Another hope for the flourishing of peer-to-peer lending came when LCH announced it was to offer direct repo lines to pension funds in need of liquidity. But Kellaway says that as an end-user, matching buy-siders' needs in a peer-to-peer format will be hard.

"We are a lender of cash and we use reverse repos all the time. So actually we face the same challenges that a lot of end-users face. We are lending directly to some pension funds and I can tell you from experience, when you put two fussy end-users together with a bank in the middle, that's difficult practically speaking," he says.

Kellaway says the repo transactions with pension funds represent only a small percentage of LCH's portfolio, but declined to give further details.

Timing is everything

Two problems are thought to bedevil plans to match up buy-side firms' repo needs. First is the time horizon mismatch. Pension funds may want to raise cash over several months, but repoing securities for that length of time may be tricky for other buy-side counterparties. Ucits funds in particular are prohibited from repo agreements lasting more than seven days.

Aviva's Chadwick thinks this is the "toughest nut" for P2P platforms to crack. "Generally speaking, the funds that have surplus liquidity need to keep that repo trade relatively short-term. Conversely the entities that are natural liquidity takers tend to want that liquidity further out along the curve," he says.

Kellaway says: "From anecdotal evidence we hear, buy-side firms are concerned about the risk associated with unwinding a trade should they need to change a position if they are dealing with another end-user. A bank would have more flexibility to do this, for a fee, whereas many end-investors would be unwilling or unable to unwind at another's request."

Second is the complexity of switching to P2P, which may put off smaller buy-side firms.

"Will the buy-side feel they have the expertise, in particular the credit expertise, to do this?" says Erik Vynckier, non-executive director at UK insurer Foresters Friendly Society. "I think large firms can indeed do this but for smaller firms there is a significant risk that they step into the wrong sort of trades, accepting poor collateral unknowingly or lending to companies that are in too bad a shape."

As a result, he argues that new platforms will not make up the shortfall from previous levels of repo. "I think the bulk will still go through the repo market but we will have an alternative to push the banks towards best price," he says.

Buy-siders would be faced with the default risk of many counterparties, rather than one bank – some more opaque and less regulated than others. For peer-to-peer, Kellaway says, "you need to get the appropriate documents in place, and then conduct credit due diligence on each counterparty. Banks are typically more straightforward for an end-user to credit score than a money market fund or hedge fund."

Alongside quantifying the default risk, there is the sheer number of counterparties the buy-side firm is exposed to. "Both sides will need to have the ability to do credit due diligence on each other in order to have some view of the market, and any end-user would have to do due diligence with hundreds of counterparties," says Kellaway.

Allocating that responsibility to banks is not risk-free, counters Stephen Malekian, head of US business development at Elixium. "On the Elixium platform, you're only trading with institutions you have a signed document with, that you have a credit line with. You have clearly defined risk parameters. We don't provide indemnification, these are bilateral transactions. But indemnification isn't free: those that provide indemnification get paid for it," he says.

Perhaps a bigger problem, suggests Kellaway, is how to calculate haircuts to account for counterparty risk. "End-users have typically required credit protection against a bank in the form of a haircut but in a peer-to-peer model, each party needs a haircut on the other," he says.

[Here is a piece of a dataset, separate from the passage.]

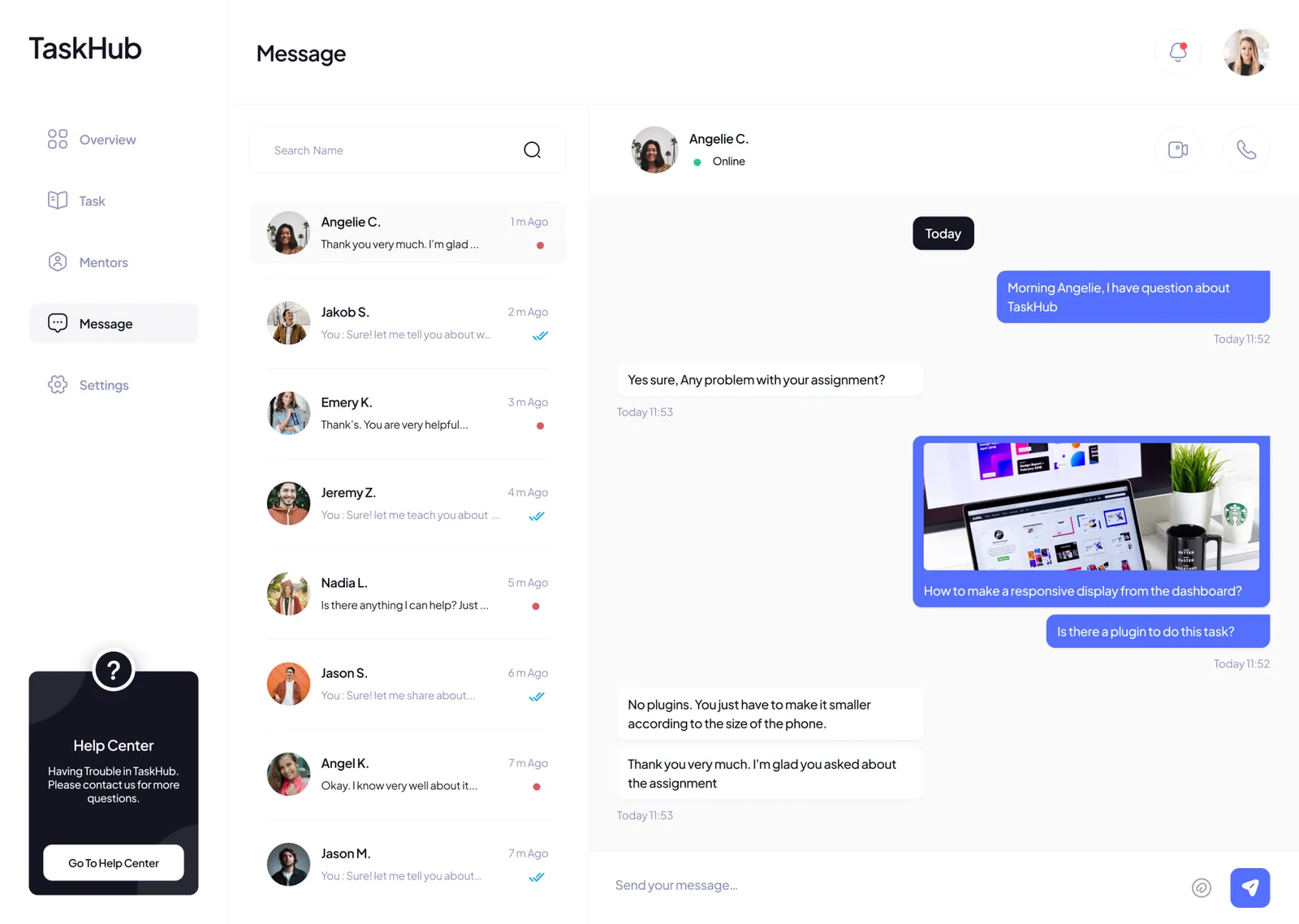 Task Hub: una conversación de mensajería entre dos miembros del equipo dentro de la app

Many requirements for haircuts on end-users are regulatory. "Ucits funds are not able to under-collateralise their lending transactions. They have to be fully funded at all times, which means they cannot pass haircuts to anybody else," says Paul Elkins, head of product for LCH's RepoClear.

While there may be a wealth of cash out there, providing channels to hedge funds and pension funds that need it may be harder than it seems.